### Directions for this task
In the data that follows, give the number of lines containing the word "Chevrolet". Offer no additional comment.

### Input data

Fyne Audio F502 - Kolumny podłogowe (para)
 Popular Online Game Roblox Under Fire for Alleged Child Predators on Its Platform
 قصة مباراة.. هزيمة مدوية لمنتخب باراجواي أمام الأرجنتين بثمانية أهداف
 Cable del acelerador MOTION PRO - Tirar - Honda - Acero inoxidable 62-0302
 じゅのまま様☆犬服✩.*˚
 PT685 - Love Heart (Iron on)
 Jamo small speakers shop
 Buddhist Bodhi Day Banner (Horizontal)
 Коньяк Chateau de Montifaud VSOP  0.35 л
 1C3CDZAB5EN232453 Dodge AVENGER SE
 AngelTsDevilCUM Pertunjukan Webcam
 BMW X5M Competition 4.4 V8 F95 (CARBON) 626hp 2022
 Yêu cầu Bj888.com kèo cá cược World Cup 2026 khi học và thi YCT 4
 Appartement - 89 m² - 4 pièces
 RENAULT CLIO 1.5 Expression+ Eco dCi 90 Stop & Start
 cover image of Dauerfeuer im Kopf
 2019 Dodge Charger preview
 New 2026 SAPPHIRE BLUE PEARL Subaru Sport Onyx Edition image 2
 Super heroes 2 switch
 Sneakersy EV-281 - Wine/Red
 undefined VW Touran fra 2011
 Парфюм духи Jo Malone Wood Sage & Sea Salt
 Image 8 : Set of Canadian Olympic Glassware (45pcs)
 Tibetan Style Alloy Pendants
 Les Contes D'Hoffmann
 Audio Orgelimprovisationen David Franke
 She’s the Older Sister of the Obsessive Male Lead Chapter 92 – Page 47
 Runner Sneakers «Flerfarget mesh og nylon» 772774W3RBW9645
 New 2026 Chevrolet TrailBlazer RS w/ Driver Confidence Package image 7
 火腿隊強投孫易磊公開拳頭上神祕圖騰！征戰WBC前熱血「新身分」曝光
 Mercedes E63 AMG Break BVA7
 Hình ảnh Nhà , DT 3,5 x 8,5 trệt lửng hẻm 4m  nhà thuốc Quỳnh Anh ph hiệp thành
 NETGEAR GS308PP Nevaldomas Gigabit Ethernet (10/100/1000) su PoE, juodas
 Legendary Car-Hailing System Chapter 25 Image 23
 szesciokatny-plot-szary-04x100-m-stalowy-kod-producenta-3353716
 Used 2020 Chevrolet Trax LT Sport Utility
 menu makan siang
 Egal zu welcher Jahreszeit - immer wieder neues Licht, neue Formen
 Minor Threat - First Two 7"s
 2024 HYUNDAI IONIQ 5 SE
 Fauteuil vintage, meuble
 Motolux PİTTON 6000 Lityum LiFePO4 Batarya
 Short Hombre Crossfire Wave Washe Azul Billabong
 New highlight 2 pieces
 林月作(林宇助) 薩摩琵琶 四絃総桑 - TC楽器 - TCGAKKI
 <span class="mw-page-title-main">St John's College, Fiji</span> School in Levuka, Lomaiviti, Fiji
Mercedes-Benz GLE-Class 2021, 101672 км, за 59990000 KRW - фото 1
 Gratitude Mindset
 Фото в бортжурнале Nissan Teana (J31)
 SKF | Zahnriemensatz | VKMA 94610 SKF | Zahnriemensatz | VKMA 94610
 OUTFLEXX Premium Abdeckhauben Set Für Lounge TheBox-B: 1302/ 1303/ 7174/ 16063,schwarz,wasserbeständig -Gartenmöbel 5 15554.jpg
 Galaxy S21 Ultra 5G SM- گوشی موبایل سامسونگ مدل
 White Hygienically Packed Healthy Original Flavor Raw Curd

### Result for this task
2